### What is needed
Write the full listing out again, word for word, but omit the pictures.

──────

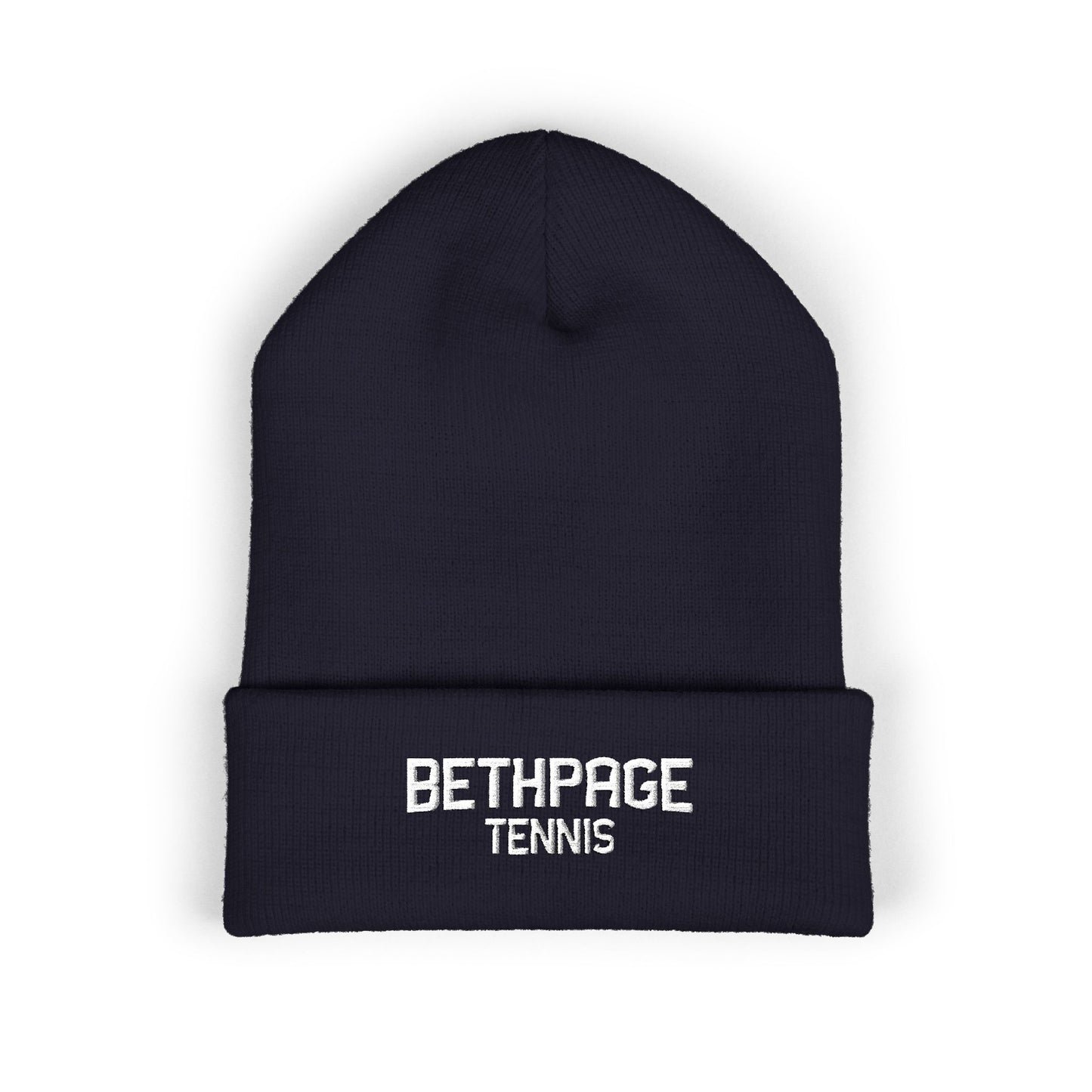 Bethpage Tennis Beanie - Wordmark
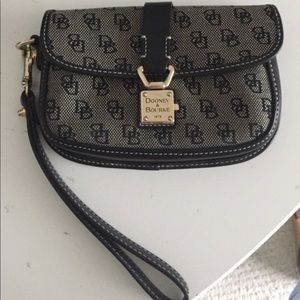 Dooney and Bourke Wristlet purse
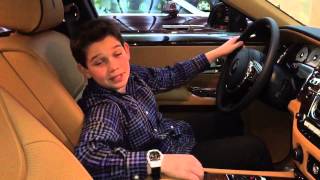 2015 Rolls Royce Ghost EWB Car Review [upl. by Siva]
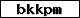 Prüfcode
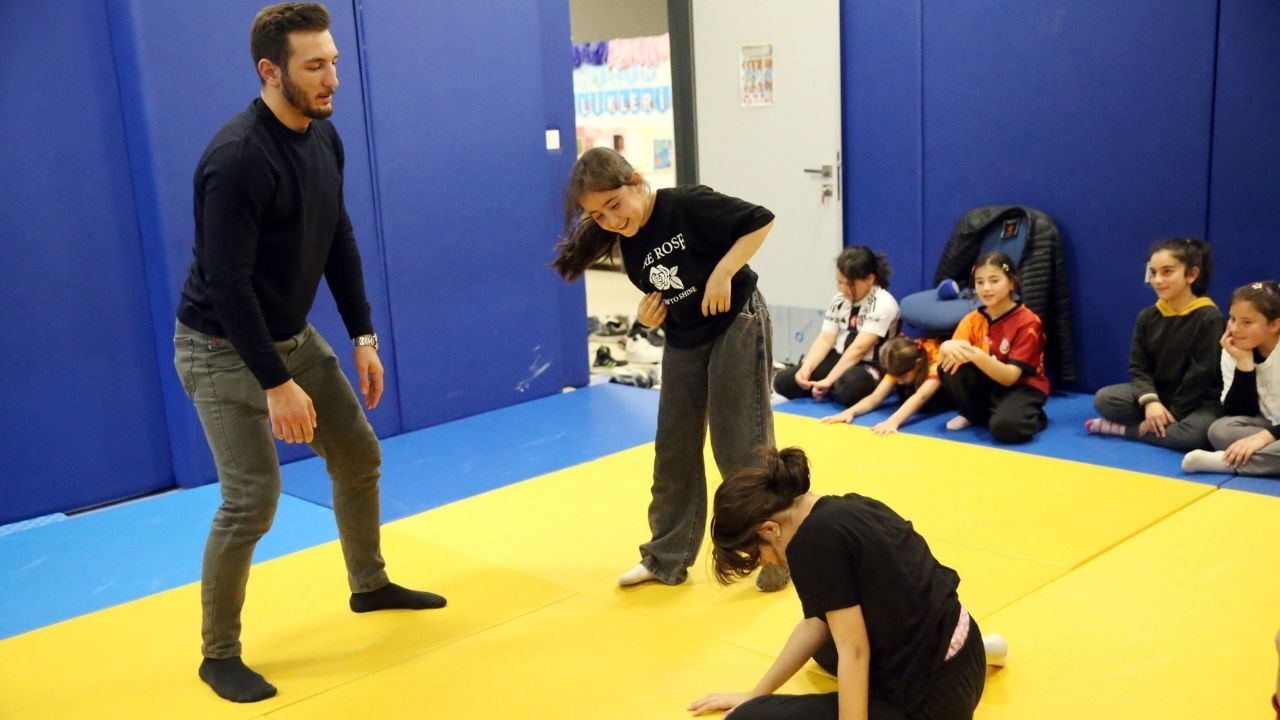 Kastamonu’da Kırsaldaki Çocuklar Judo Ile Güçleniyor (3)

──────

### Output for this task
 Bethpage Tennis Beanie - Wordmark
 Dooney and Bourke Wristlet purse
 2015 Rolls Royce Ghost EWB Car Review [upl. by Siva]
 Prüfcode
 Kastamonu’da Kırsaldaki Çocuklar Judo Ile Güçleniyor (3)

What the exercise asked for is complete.